Today’s gospel is an encouragement to always be in prayer, but the parable Jesus uses to urge people to pray is a complicated one. Jesus says the judge is unjust. The widow in the story is persistent in pestering the judge for the verdict she seeks. The judge is not convinced by evidence or reason, but simply by the tenacity of the widow. The lesson Luke passes on is that we ought to cry out to God day and night with our prayers.

The parable says nothing directly about the content of those prayers. A quick reading might lead to a place of thinking anything we pray for will be answered if we are just persistent enough. Perhaps we can wear God down like the widow wore the judge down. This suggests an approach in which prayer is used to try to bend God’s will to our own.

Rather than a force of will, Jesus encourages persistence because every aspect of our lives is worthy of being lifted in prayer to God. The Psalms show that we can and should lift our cries up to God as often as we experience them. God is able to handle any emotion or struggle we give voice to in prayer; speaking it all to God is part of grace-filled transformation.

Each Sunday we speak the words of the Lord’s Prayer, requesting with our collective voice, “Your will be done.” Instead of seeking to bend God’s will to ours, we ask for our will to be shaped by God’s. We pray for God’s forgiveness and boldly claim our own role in forgiveness. We pray for sustenance and deliverance, all while inviting God’s kingdom to come. God’s kingdom is coming without our prayer, Martin Luther reminds us in the Small Catechism, but we pray these things so that we may see the kingdom come alive in and among us. We pray to be shaped by the endless, loving persistence of God’s grace.

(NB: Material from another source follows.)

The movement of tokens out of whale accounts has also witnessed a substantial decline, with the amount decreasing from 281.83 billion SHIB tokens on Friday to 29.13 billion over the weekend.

Nineteenth Sunday after Pentecost
The lectionary continues through the gospel of Luke. This Sunday falls near to October 18, the historic commemoration of St. Luke, whose gospel is featured in the lectionary this year. The prayer for St. Luke’s Day focuses on the healing power of Christ.
Believers are called to keep faith in God’s justice. Come, Lord Jesus, the church prays! By contrast with the unjust judge of the parable, the Son of Man will judge us all at the end. Luke’s focus on the needy widow is held next to the depiction of Christ as the judge.
Jews far more than Christians have been attracted to this picture of the faithful having to wrestle with God. The psalms are filled with just such wrestling with God. In the end, God blesses Jacob, along with all of us who are on the run. The narrative is set next to the parable of the unjust judge since both imply that believers must tangle with an inscrutable God. If your God is easy, it probably isn’t God.
This third selection from 2 Timothy contrasts the inspired Scripture and its correct interpretation by church leaders with self-serving heterodox teachers who attract “itching ears.” This passage became central to Christian fundamentalists who argue that divine inspiration implies inerrancy. With a wide variation in what is meant by divine inspiration—variations that might be upsetting to the author of 2 Timothy—all Christian churches say that they proclaim the inspired word of God. At weekly worship, we “proclaim the message.”